Last but not least, I want to mention global variables. Depending on your request, Xidel will provide the full input text available raw inside $raw or already parsed in JSON format inside $json. If you tell Xidel to download a web page, its full address will be inside $url, and its headers, host, and path will be inside $headers, $host, and $path respectively.

Practical Examples

Now I'll put Xidel to work and show you some practical examples. The simplest possible thing you can ask Xidel is for the title of a web page (auxiliary notifications have been omitted for readability in all examples):

#> xidel https://www.linux-magazine.com --extract //title
Linux Magazine

which yields the expected result. Notice that to indicate an element, in this case the title, you must prefix it with a double slash //. You can also give Xidel multiple commands in the same call:

#> xidel https://www.linux-magazine.com -e "//title" https://edition.cnn.com --extract //title
Linux Magazine
Breaking News, Latest News and Videos | CNN

In this example, I deliberately used both versions of the extract command.

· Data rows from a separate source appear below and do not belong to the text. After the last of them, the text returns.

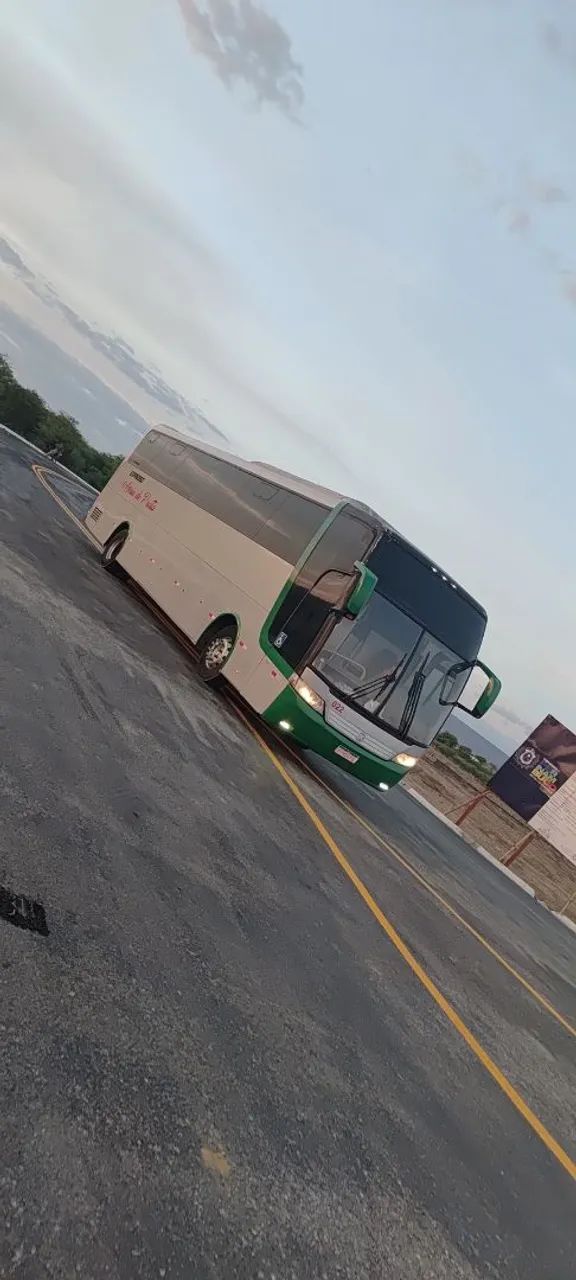 Buscar jumbus 380 o500 rsd super conservado - Foto 6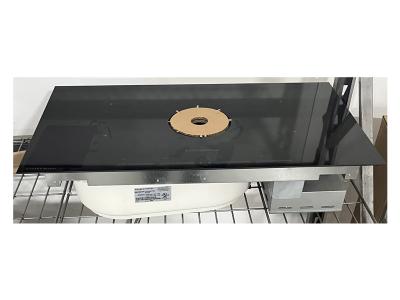36" Fisher & Paykel Induction Cooktop 4 Zones with Integrated Ventilation - CID364DTB4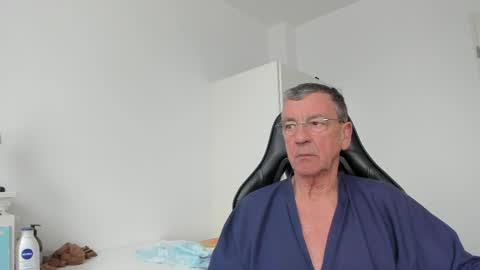 Henk online show from 03/14/26, 11:15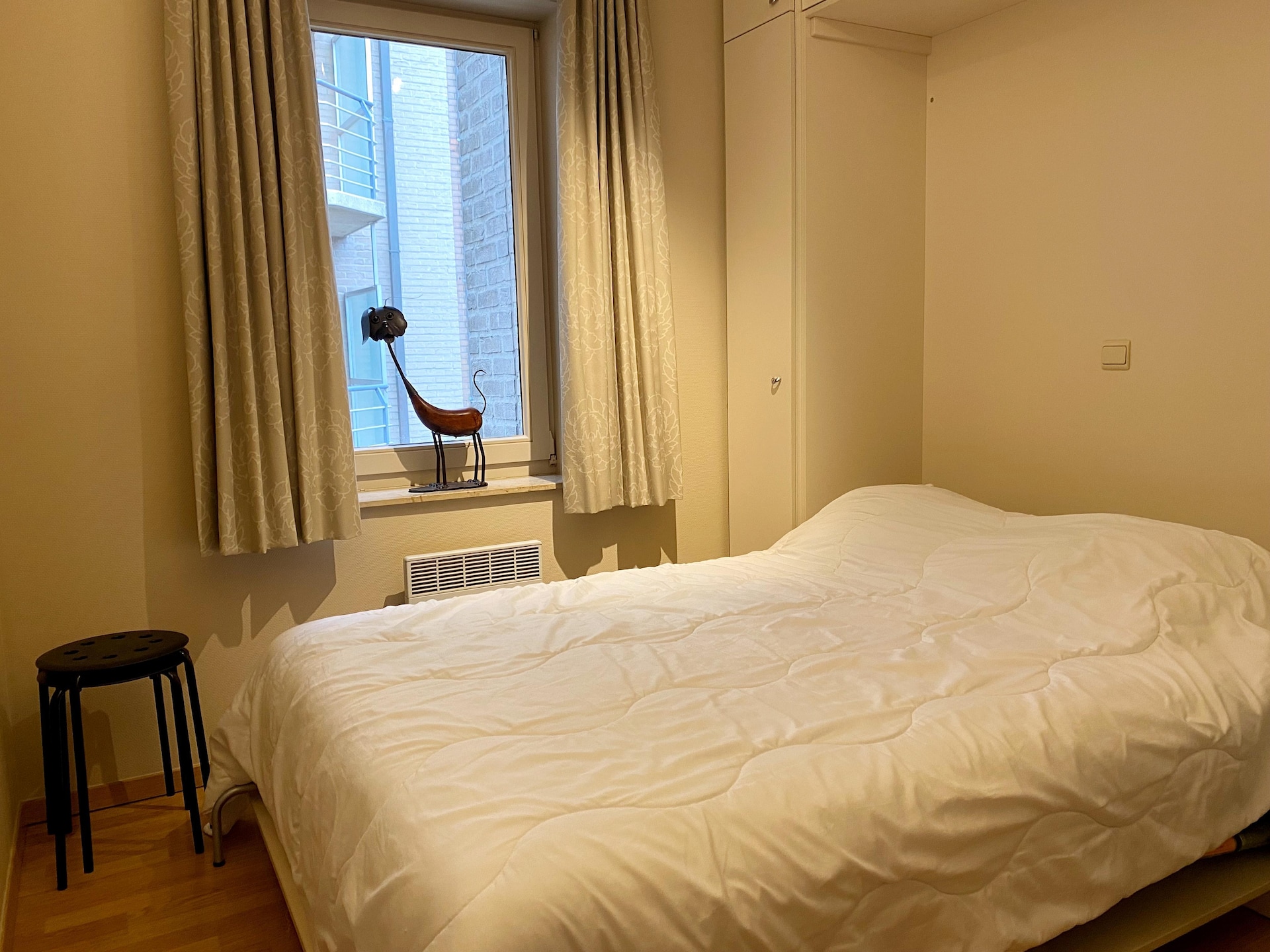 4-persoons appartement met zonneterras in hartje Nieuwpoort - foto 10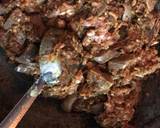 Keema kaleji curry recipe step 4 photo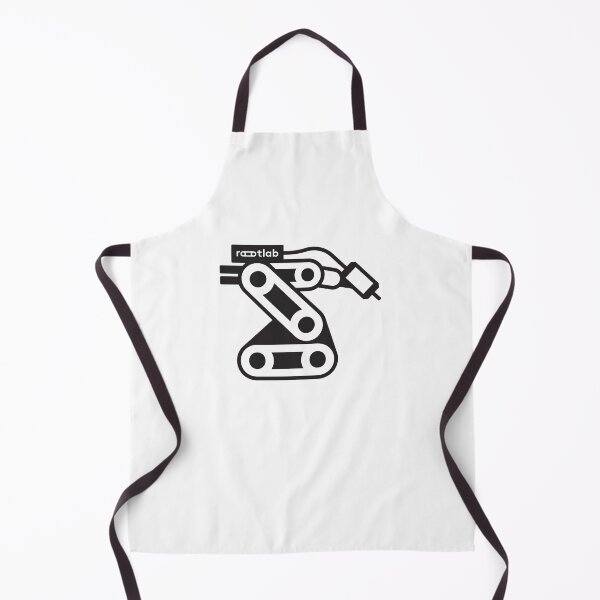 Item preview, KUKA Robot Arm (black) designed and sold by rootlabtx.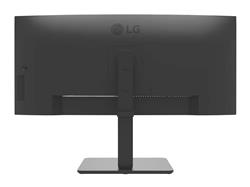LG 34" 3440 x 1440 60Hz Business Monitor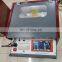 Multifunctional DYO fully automatic 80KV 100KV transformer oil bdv tester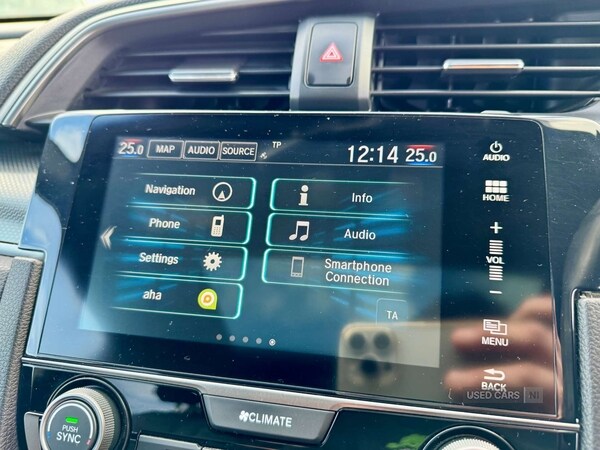 Used Honda Civic 2017 for sale - 77456890: Photo 37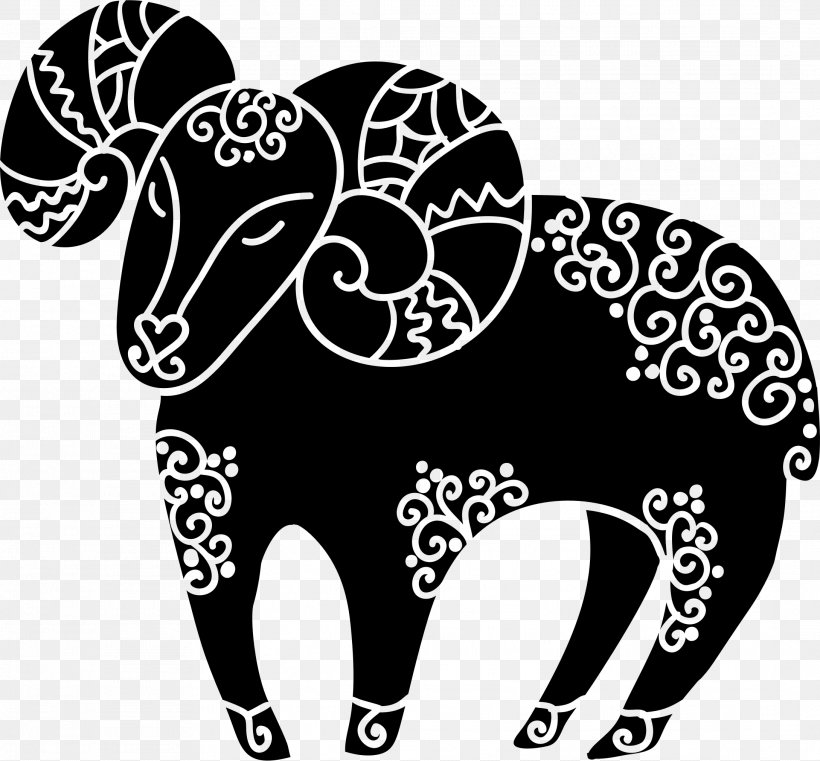 Aries Astrological Sign Leo Zodiac Astrology, PNG, 2178x2022px, Aries, Astrological Sign, Astrology, Black And White, Cancer Download Free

Listing 2 shows the partial output of a simple follow command.

Listing 2

follow Output

#> xidel https://www.linux-magazine.com --follow //a --extract //title > all-titles
...
Sparkhaus Shop - Linux Magazines & Online-Services
Administration ª Linux Magazine
Desktop ª Linux Magazine
Web%20Development ª Linux Magazine
...
...

If you compare the four output lines in Listing 2 with the links highlighted in Figure 1, you can see that the command instructed Xidel to download all the pages linked from www.linux-magazine.com and then extract and print those pages' titles.

Figure 1: The titles output in Listing 2 are from the linked pages highlighted here on the Linux Magazine website.

Because XQuery is Turing complete, Xidel can use XQuery to create documents from scratch, without looking anywhere for data, as shown in the following command (also shown on the left side of Figure 2):

#> xidel --xquery '<table>{for $i in 0 to 1000 return <tr><td>{$i}</td><td>{if ($i mod 2 = 0) then "Linux Magazine" else "is great"}</td></tr>}</table>' --output-format xml > test.html
Figure 2: With Xidel, generating HTML tables or other documents is quick and simple.

This command outputs the test.html web page, which is the HTML table displayed by Firefox on the right side of Figure 2.

Figure 3 and Listing 3 show the --output-format option, which allows Xidel to influence every other Linux system component. Line 1 of Listing 3, whose output, as well as links to its sources, is shown in Figure 3, sets the Bash variable $title to the page's title and makes $links into an array of all the links on the same page. The --output-format bash command tells Xidel to load whatever it finds into Bash variables instead of writing the output to a file, with the specifics declared in the two -e options.

Listing 3

Setting Bash Environment Variables

01 #> eval "$(/home/marco/testing/xidel https://www.linux-magazine.com -e 'title:=//title' -e 'links:=//a/@href' --output-format bash)"
02
03 #>  echo $title
04 Linux Magazine
05
06 #>  printf '%s\n' "${links[@]}". | grep  '^/Online/'
07
08 /Online/News
09 /Online/Features
10 /Online/Blogs
11 /Online/White-Papers
12 /Online/News/Zorin-OS-16.3-is-Now-Available
13 /Online/News/SUSECON-2023
14 /Online/News/Mageia-9-RC1-Now-Available-for-Download
15 /Online/News/Linux-Mint-21.2-Now-Available-for-Installation
16 ...
Figure 3: After extracting data from a web page, Xidel can send the data everywhere, including a Linux terminal environment.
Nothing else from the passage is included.